Las Vegas, NV (KTNV) -- The Las Vegas Wash is best known for carrying water but neighbors on the east side of the valley have discovered plenty of trash.
People who live nearby are concerned the debris could enter the wash and eventually Lake Mead, the area's primary water source.
An old mattress, couch cushions, shopping carts, plenty of bottles and cans, even a voodoo doll; you name it, odds are we found it along the sides of the wash just south of Desert Inn Road.
"It wasn't like this the last two or three years, it wasn't this bad," said neighbor Larry Edwards.
Edwards said he has lived in the area for about three years and used to visit the wash with his grandchildren, but not anymore.
"Looks like a dump," Edwards said.
The Flamingo Arroyo Trail runs along the water and is popular among bikers and walkers. The debris covers several hundred feet along side the wash. A fed up neighbor emailed Action News about the problem.
"It's all kind of junk out here," Edwards said. "You don't know what it is."
While most of the debris appears on the banks of the wash, people we spoke with are concerned the trash could eventually enter the water with the next big rainfall.

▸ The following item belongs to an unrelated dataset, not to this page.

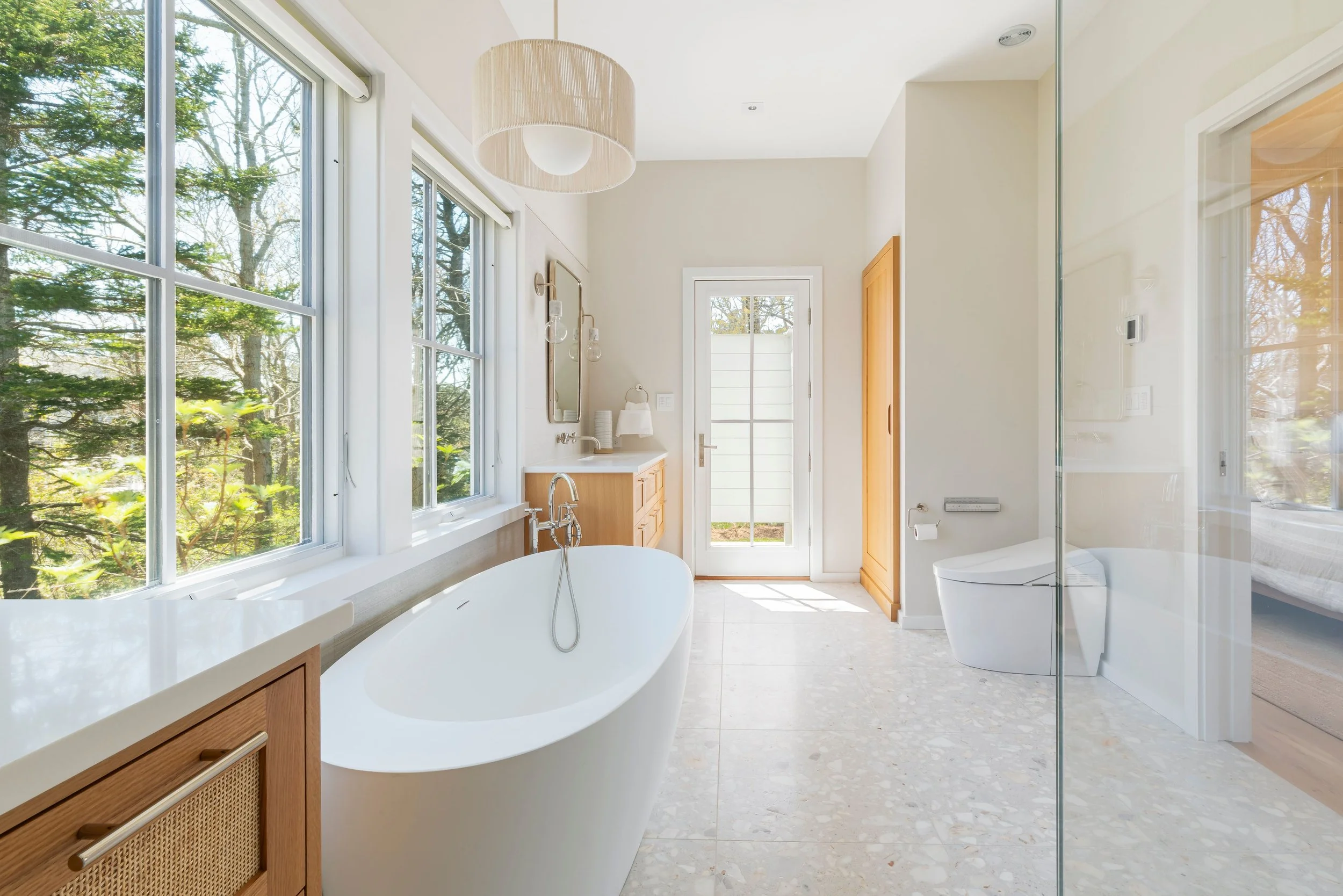 Value-Boosting Bathroom Upgrades That Help Your Cape Cod Home Sell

"We want to do everything we can to keep those contaminants out," said Bronson Mack, spokesman for the Las Vegas Wash Coordination Committee. The organization is a group of stakeholders who are working to preserve the wetlands just south of the littered area.
Almost all of the water flowing out of the valley passes through the wash and into Lake Mead, Mack said. That's water people throughout the valley will eventually reuse. As for the trash, Mack said the smaller items are likely litter and the bigger items are probably from illegal dumping.

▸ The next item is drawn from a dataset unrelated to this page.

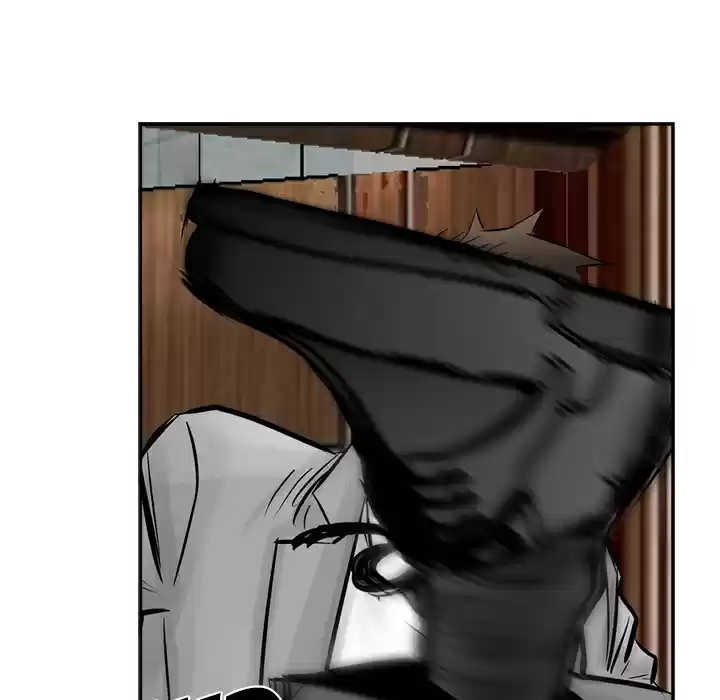 Legend: The Beginning ch.27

"It is disheartening to see litter and trash and dumping that can occur in those areas," Mack said.
Action News reported the trash problem to Clark County. County spokesman Dan Kulin said crews would investigate and see what could be done.
"It really needs to be cleaned up," Edwards said.
Clark County has run several campaigns encouraging people to keep the county clean, Kulin said. You can report illegal dumping to your local government. Each year, the county spends more than $2 million cleaning trash and debris from public areas and flood channels, according to the county website.